Krieg der Pfandflaschen

Mehrweg versus EinWeg mit Pfand - Nachdruck aus dem Mittelstandsmagazin 04/2017

Frauke Helf, Chefin der Rhodius Mineralquellen, kann diese Diskussion nicht mehr hören. Im Lager stapeln sich meterhohe Paletten mit Leergut aus Glasflaschen. Getränkegroßhändler bringen die Kästen zurück, damit sie neu mit Mineralwasser befüllt werden können. Aber nicht auf allen Glasflaschen findet die Unternehmerin ihr Etikett „Rhodius“. Denn die Lastwagen bringen auch fremde Flaschen zurück, die Frauke Helfs Mitarbeiter nicht wieder befüllen können. Hunderte jeden Tag. Rhodius könnte die vielen Individualflaschen sammeln und sie dann zu den jeweiligen Herstellern zurückbringen. „Das können wir nicht leisten“, sagt Frauke Helf. Der mittelständische Betrieb habe nicht die Kapazitäten, die Fremdflaschen zu sammeln, zu sortieren und mehrere hundert Kilometer durch die Republik zurück zum Hersteller zu fahren. „Regional hat Mehrweg sicherlich viele Vorteile, aber national sieht das ganz anders aus”, so Helf. Und so landen viele Mehrwegflaschen im Altglasrecycling. Genau das zeigt auf, an welchen Stellen es im Mehrwegsystem besonders hakt.

Frau Helf, Rhodius

Trotzdem streiten sich Umweltverbände nach wie vor mit der Industrie. Die Umweltlobbyisten verlangen, dass die Getränkehersteller ihre Produkte in Mehrwegflaschen verkaufen. Vehement fordern sie die Abschaffung von Einweg, das umweltschädlich sei und mittelständische Unternehmen benachteiligen würde. Doch das Image „Dose schlecht, Mehrwegflasche gut“ ist längst überholt. Mit der Einführung des Einwegpfandes vor 14 Jahren wollte der damalige Grünen-Bundesumweltminister Jürgen Trittin dafür sorgen, dass Einwegverpackungen unattraktiver werden und sich der Anteil der Mehrwegverpackungen wieder erhöht.
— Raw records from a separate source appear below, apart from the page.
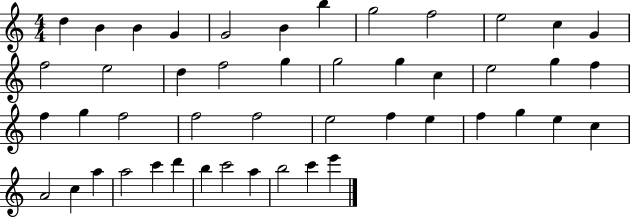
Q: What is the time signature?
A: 4/4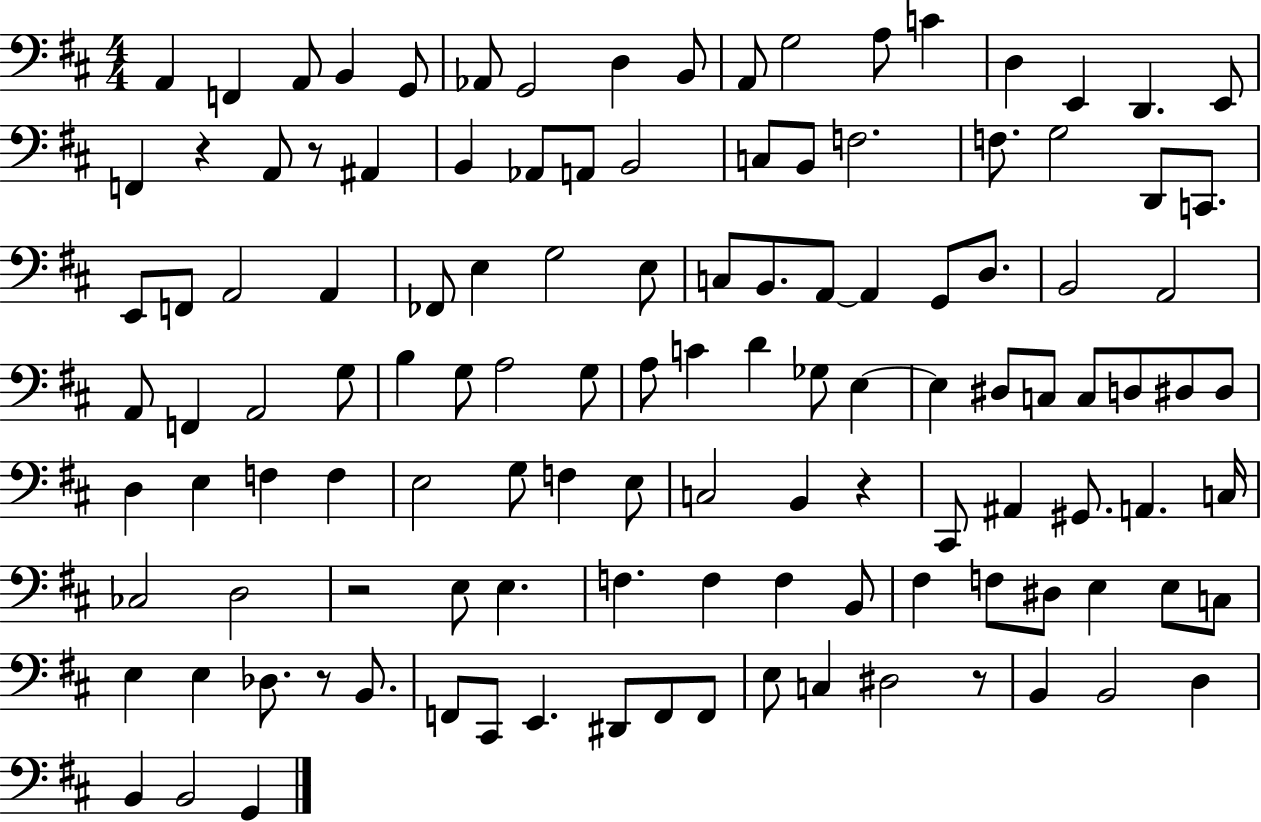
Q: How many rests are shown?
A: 6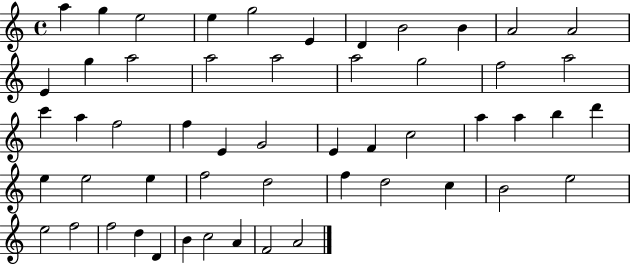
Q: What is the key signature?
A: C major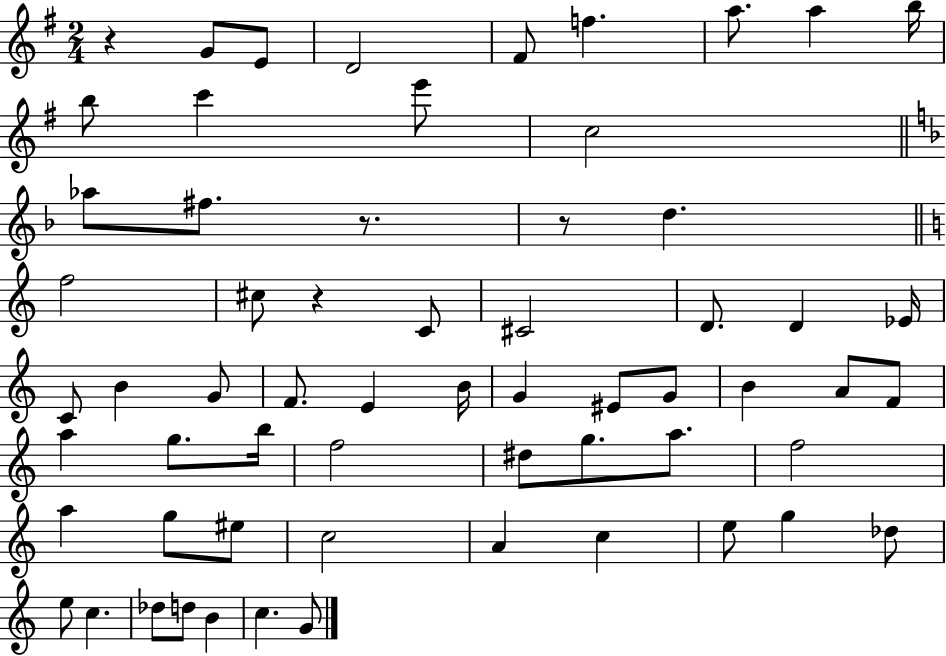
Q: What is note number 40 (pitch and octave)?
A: G5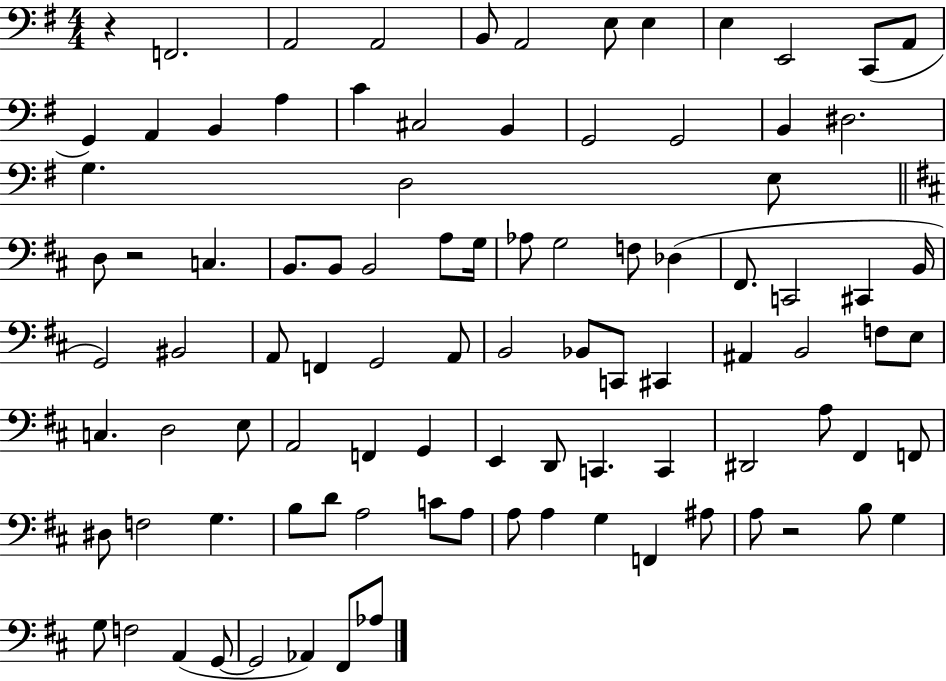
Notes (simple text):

R/q F2/h. A2/h A2/h B2/e A2/h E3/e E3/q E3/q E2/h C2/e A2/e G2/q A2/q B2/q A3/q C4/q C#3/h B2/q G2/h G2/h B2/q D#3/h. G3/q. D3/h E3/e D3/e R/h C3/q. B2/e. B2/e B2/h A3/e G3/s Ab3/e G3/h F3/e Db3/q F#2/e. C2/h C#2/q B2/s G2/h BIS2/h A2/e F2/q G2/h A2/e B2/h Bb2/e C2/e C#2/q A#2/q B2/h F3/e E3/e C3/q. D3/h E3/e A2/h F2/q G2/q E2/q D2/e C2/q. C2/q D#2/h A3/e F#2/q F2/e D#3/e F3/h G3/q. B3/e D4/e A3/h C4/e A3/e A3/e A3/q G3/q F2/q A#3/e A3/e R/h B3/e G3/q G3/e F3/h A2/q G2/e G2/h Ab2/q F#2/e Ab3/e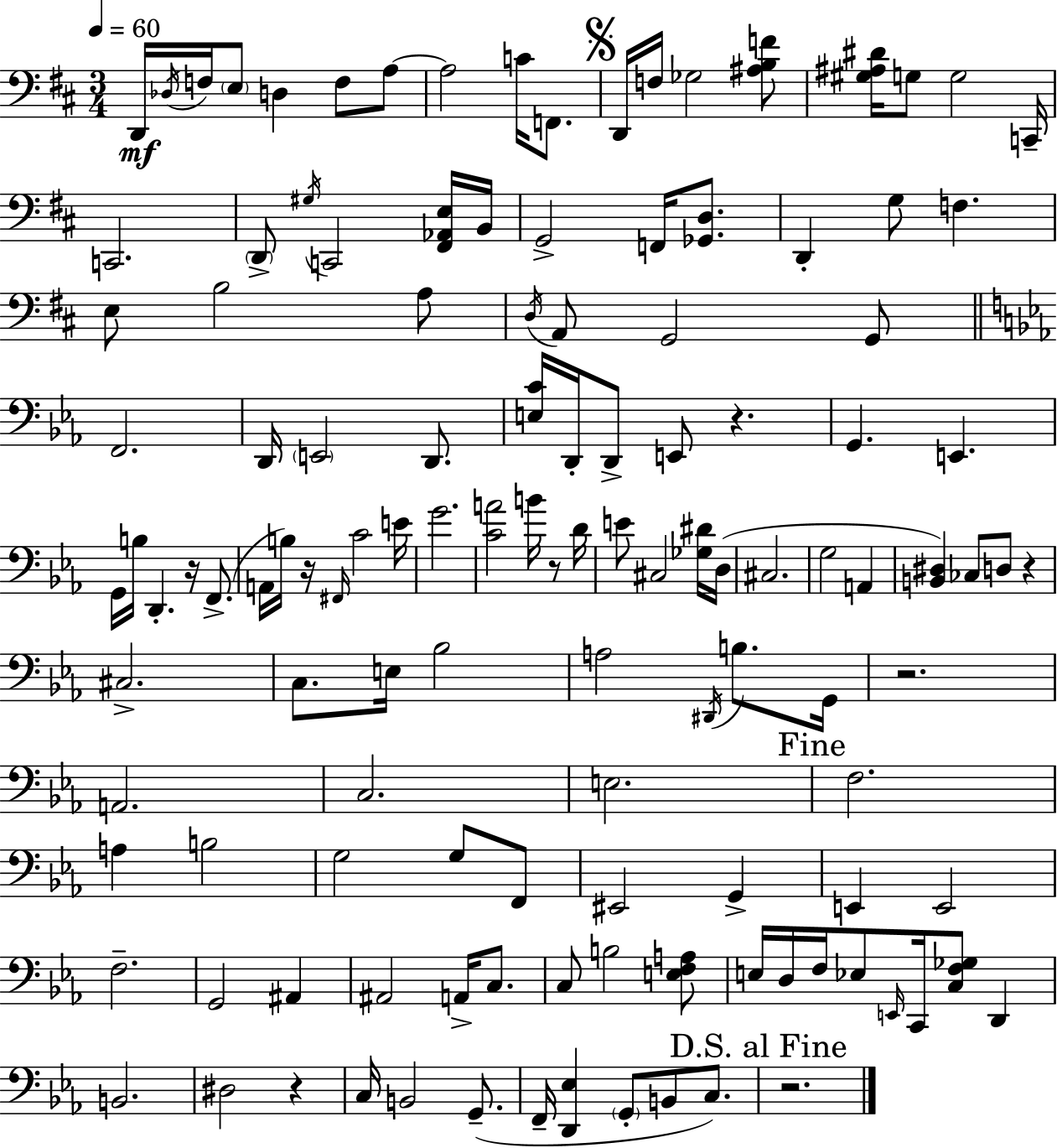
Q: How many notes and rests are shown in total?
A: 126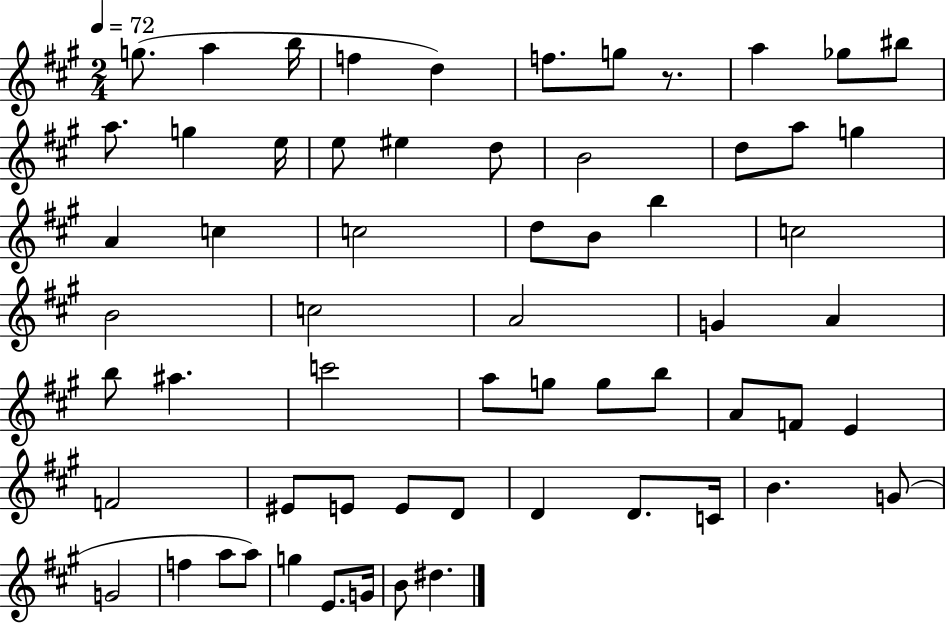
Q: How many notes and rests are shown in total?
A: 62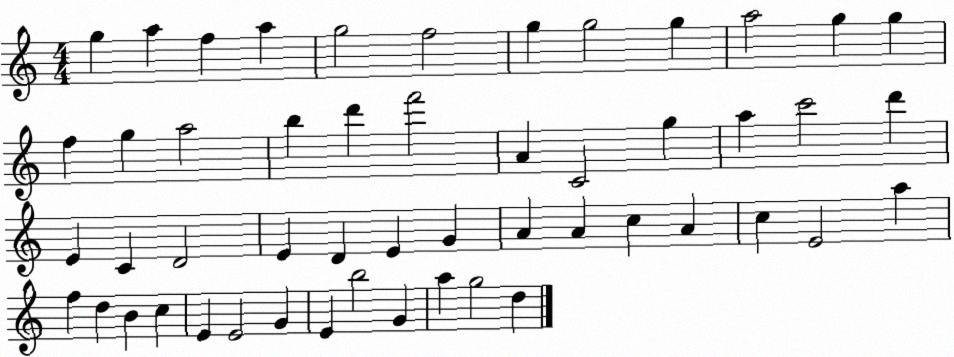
X:1
T:Untitled
M:4/4
L:1/4
K:C
g a f a g2 f2 g g2 g a2 g g f g a2 b d' f'2 A C2 g a c'2 d' E C D2 E D E G A A c A c E2 a f d B c E E2 G E b2 G a g2 d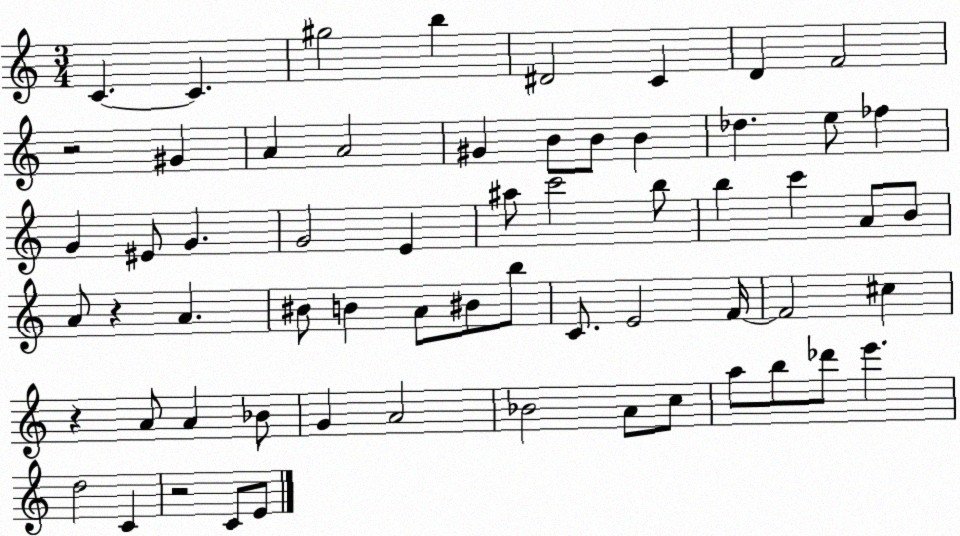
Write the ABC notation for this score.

Doch das Gegenteil passierte: Weil Verbraucher nun für Mehrweg und Einweg Pfand zahlten, war der Unterschied für viele nicht mehr erkennbar. Zugleich etablierte sich ein gut funktionierendes Rücknahmesystem. Laut einer Analyse der Unternehmensberatung PwC von Mehrweg- und Recyclingsystemen bringen die Verbraucher die bepfandeten Kunststoffflaschen und Dosen zu 98,5 Prozent zurück in den Supermarkt oder Discounter, sodass so gut wie kein Müll mehr durch diese Verpackungen entsteht. Zugleich sind Einwegverpackungen insgesamt leichter geworden, und das Recycling klappt: Das Metall der eingesammelten Dosen wird zu 100 Prozent wiederverwertet. Bei den Ökobilanzen kann Einweg also aufholen.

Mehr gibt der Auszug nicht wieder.